Leave the pictures out and quote every line from the start of the listing to the line with "Disney(ディズニー)の「【71】【Disney/ディズニー】ミッキーマウス フェイクレイヤード ユーズド加工", inclusive.

▸ **Information provided**
■ ■ ■ ■ ■ ■ ■
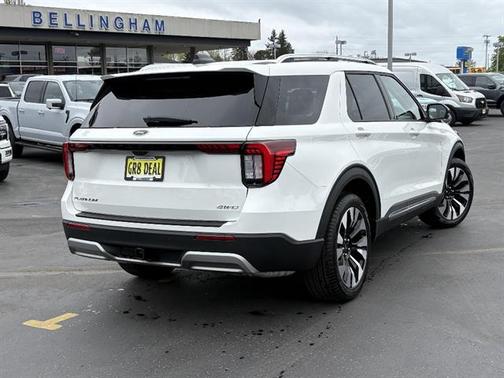 Star White Metallic Tri-Coat 2026 Ford Explorer Platinum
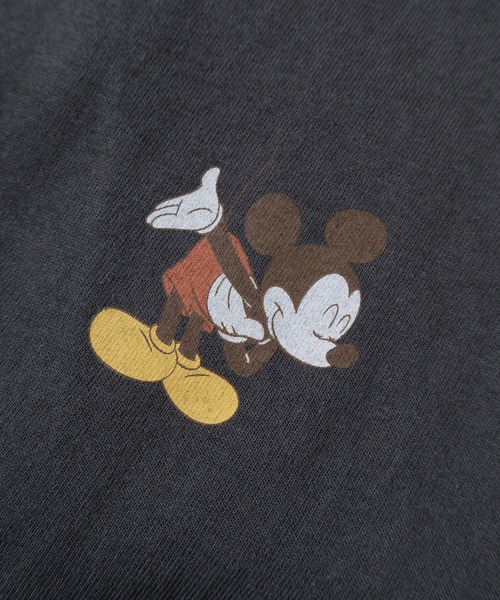 Disney(ディズニー)の「【71】【Disney/ディズニー】ミッキーマウス フェイクレイヤード ユーズド加工 プリントクルーネック ロングスリーブTシャツ/ロンT/ヴィンテージ風/ユニセックス/レディース/メンズ(Tシャツ/カットソー・レディース・ブラック/アイボリー系/ブラック系/アイボリー・M/L/XL)」の11枚目の写真
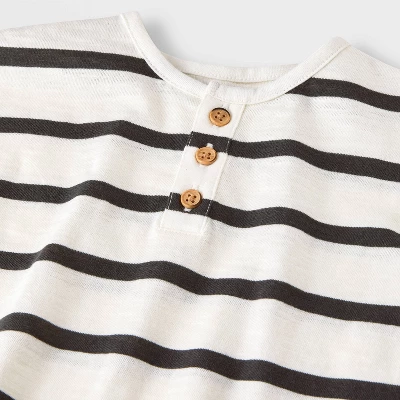 Baby Boys' Short Sleeve Top & Bottom Set - Cat & Jack™ 2 Baby Boys' Short Sleeve Top & Bottom Set - Cat & Jack™ - Image 2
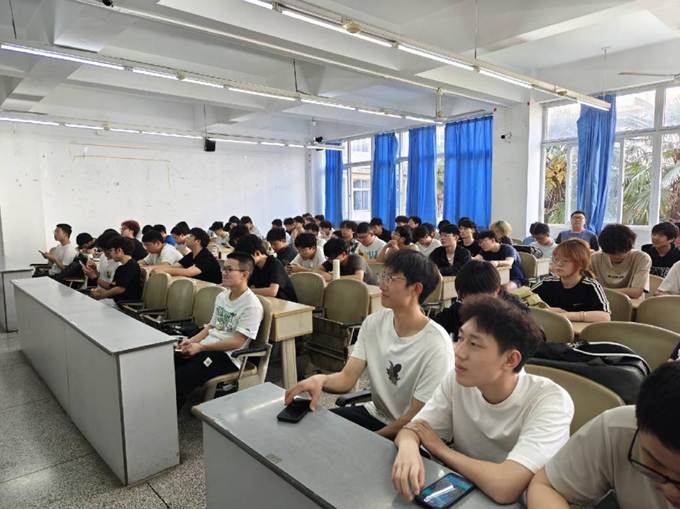 25年4月安全教育学生听讲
■ ■ ■ ■ ■ ■ ■
▸ **Result for this task**
 Star White Metallic Tri-Coat 2026 Ford Explorer Platinum
 Disney(ディズニー)の「【71】【Disney/ディズニー】ミッキーマウス フェイクレイヤード ユーズド加工 プリントクルーネック ロングスリーブTシャツ/ロンT/ヴィンテージ風/ユニセックス/レディース/メンズ(Tシャツ/カットソー・レディース・ブラック/アイボリー系/ブラック系/アイボリー・M/L/XL)」の11枚目の写真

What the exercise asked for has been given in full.